■ **What to work on**: Write out exactly, with both ends included, the lines that run from the line containing "Coiffeuse et tabouret" to the end of the entries. Pictures are not part of the answer.

■ **Data shown**:
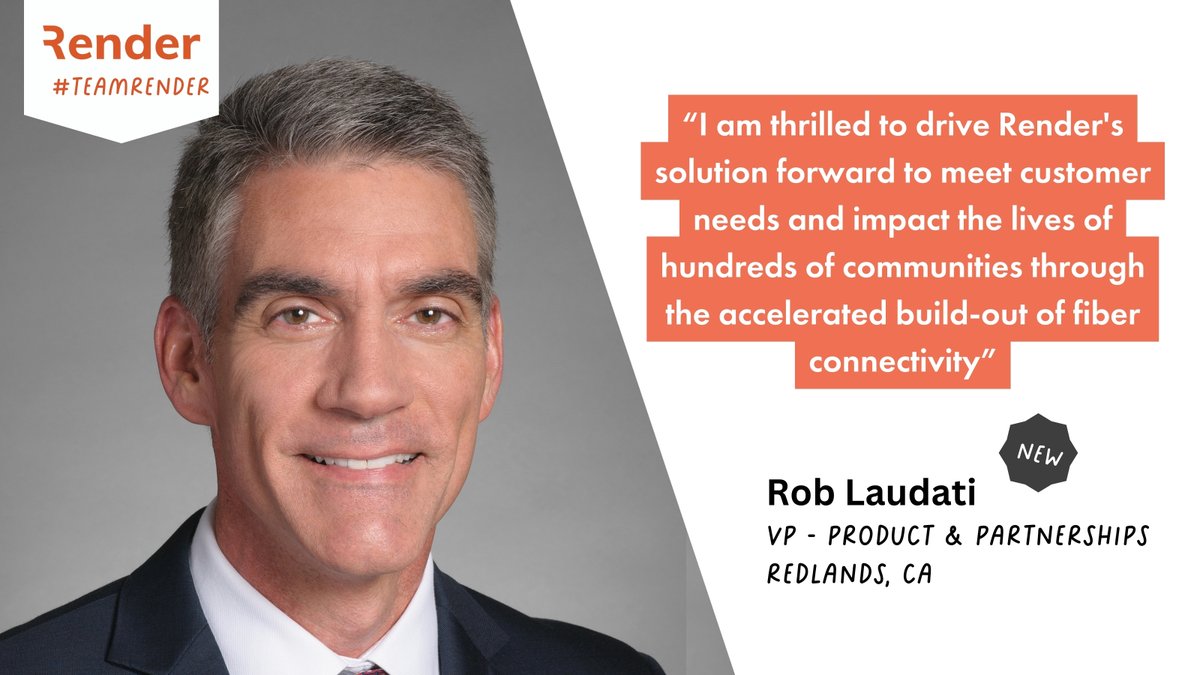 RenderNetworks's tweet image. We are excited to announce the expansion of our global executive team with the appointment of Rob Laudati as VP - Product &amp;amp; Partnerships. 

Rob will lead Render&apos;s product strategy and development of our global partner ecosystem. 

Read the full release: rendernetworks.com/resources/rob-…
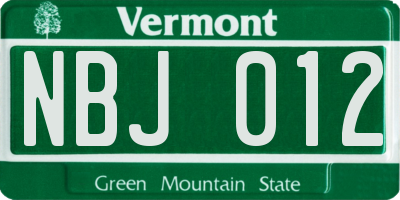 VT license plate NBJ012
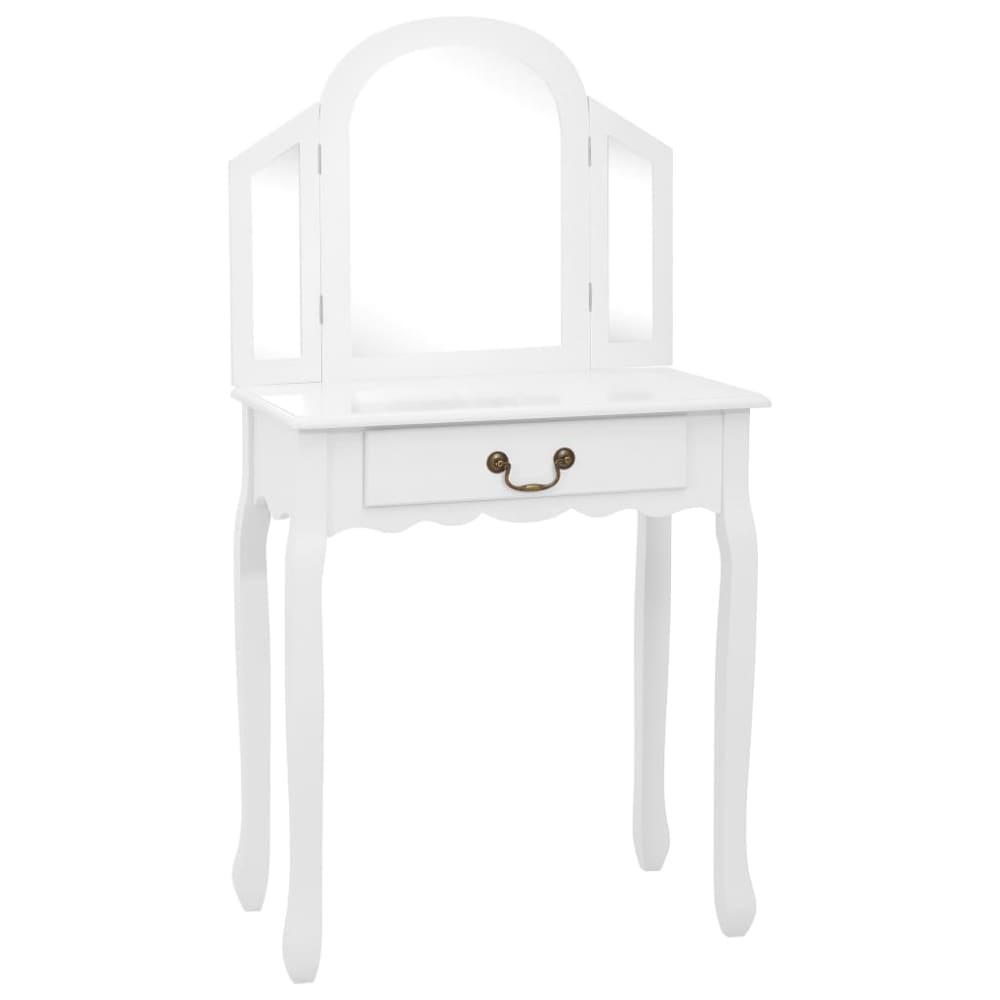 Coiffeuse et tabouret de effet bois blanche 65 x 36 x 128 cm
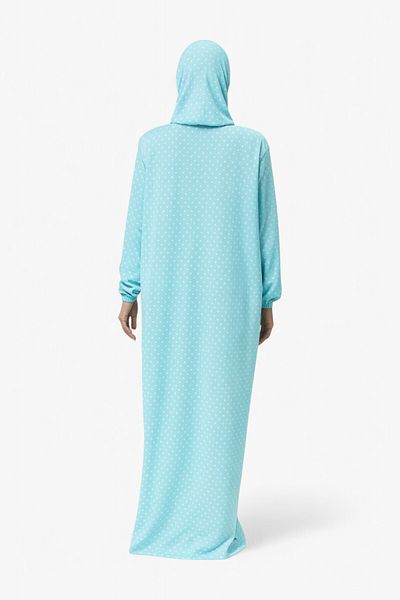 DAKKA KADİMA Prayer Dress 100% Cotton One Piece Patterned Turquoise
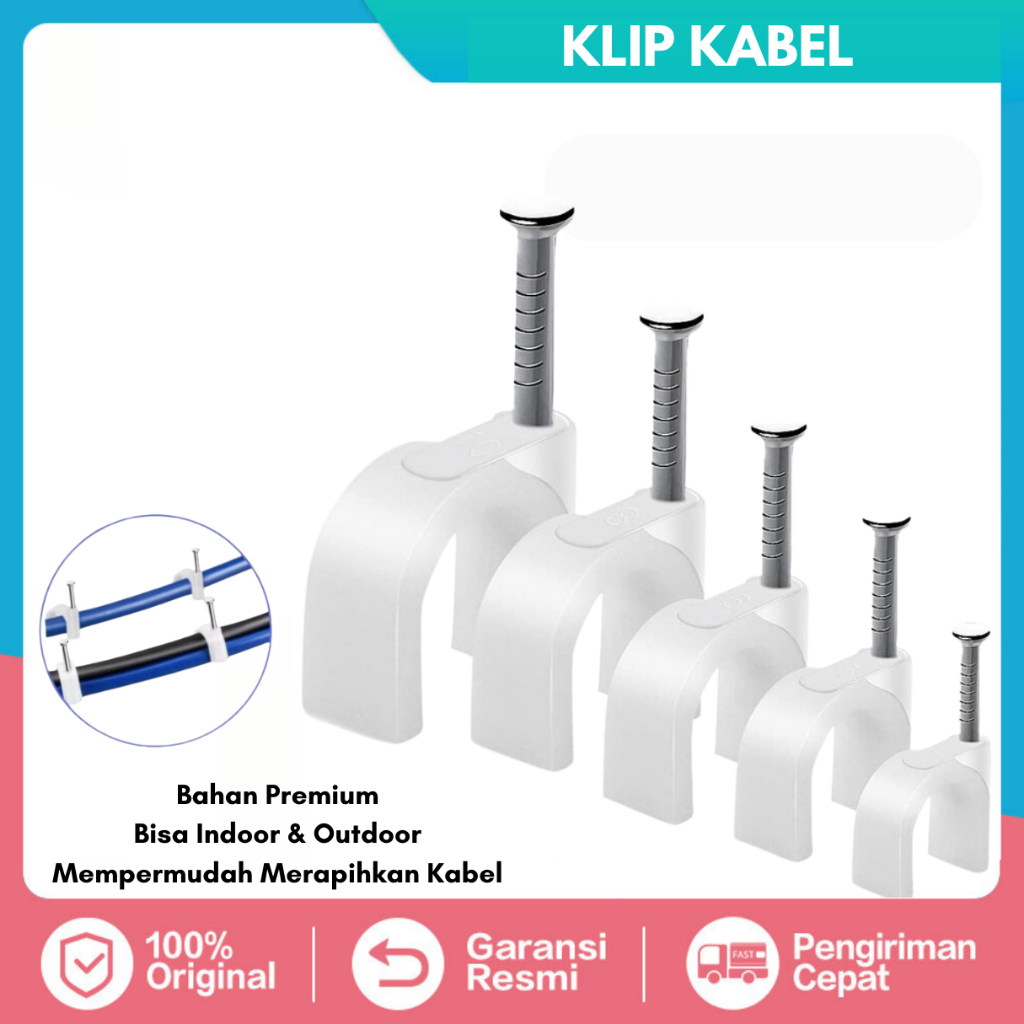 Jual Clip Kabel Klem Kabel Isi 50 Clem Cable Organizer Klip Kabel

■ **Problem solution**:
 Coiffeuse et tabouret de effet bois blanche 65 x 36 x 128 cm
 DAKKA KADİMA Prayer Dress 100% Cotton One Piece Patterned Turquoise
 Jual Clip Kabel Klem Kabel Isi 50 Clem Cable Organizer Klip Kabel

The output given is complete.